No, this is not my point at all. It is not "any" use -- it is the primary use. It is precisely because there is a very clear primary topic that there is no surprise that the non-primary topic does not have the unmarked title. Turn the example around. Suppose that the ghost town article was created first at the unmarked name (and that the creator ignored the USPLACE naming convention). I expect that readers looking for the mineral would be very surprised and irritated to find the article on the ghost town with the unmarked title.
Similarly, if neither of two topics are primary and one is placed at the unmarked title, there will be a element, if not of surprise, perhaps more accurately of disorientation, for readers looking for the other topic. As SmokeyJoe has pointed out, your proposition completely ignores usability and assumes that hatnotes are perfectly equivalent to dab pages for assisting in navigation. They are not. With two non-primary topics of approximately equal notability (which after all is the essence of a TWODAB situation), first, the likelihood of a reader arriving at the disambiguation page is minimized by first, having both titles marked and secondly, by having the disambiguation page at the marked title -- mistaken links to the dab page are more likely to be fixed. older ≠ wiser 09:21, 4 October 2013 (UTC)

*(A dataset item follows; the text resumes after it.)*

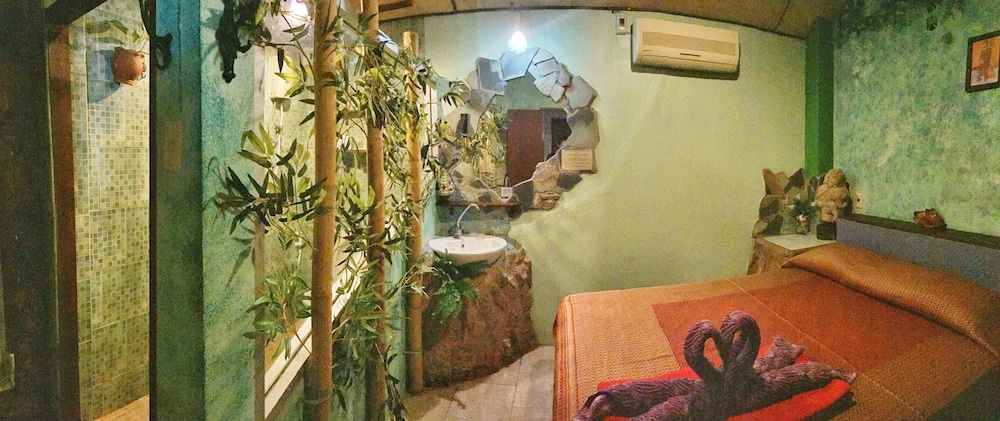Shanti Lodge Bangkok 46/70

Now, back to the TWODABS situation. Now, under current guidance, it's an issue because we can have the city at Welland only if it is the primary topic. Why is that, if not because those familiar with and looking for the English village, but not familiar with the Ontario village, would be confused or disoriented or something if they landed upon the Ontario city at Welland? But that confusion and disorientation (or however you want to characterize "the problem") would not occur if the Ontario city is the primary topic? Why does it matter? How is WP better if the city is at the base name Welland if and only if the city is the primary topic? -- B2 C 14:16, 6 October 2013 (UTC)
If the city is the only use, it can be at Welland - no questions asked. If there is another use, say the village, disambiguation can be fully and easily handled by disambiguating the second use. Why do we have to disambiguate both uses just because there is no consensus that the city is the "primary topic"? You seem to accept the notion that no primary topic means a dab page is required... but why? What is the reasoning that underlies this axiom, especially in terms of it applying in the TWODABS case? That's what I'm questioning. -- B2 C 14:39, 6 October 2013 (UTC)
If it is the case that "hat notes are hard to read and the reader can miss them", that sounds like a problem to be fixed with hatnotes, since they appear on tens of thousands of articles. bd2412 T 18:32, 7 October 2013 (UTC)
This whole discussion comes down to the perceived cost of having readers land on the "wrong" article (but with a hatnote link to the sought article), especially that cost compared to the perceived cost of landing on a dab page instead of the sought page.
If landing on the sought page has a cost of 0 units, landing on the dab page costs 3 units, and landing on the wrong article costs 5 units, consider 100 people of which 60 seek one use and 40 seek the other. If we have the more popular use at the base name, the total cost is 60 * 0 + 40 * 5 = 200. If we have a TWODABS dab page at the base name, the total cost is 100 * 3 = 300, thus it's better, by 100 units, to have no dab page.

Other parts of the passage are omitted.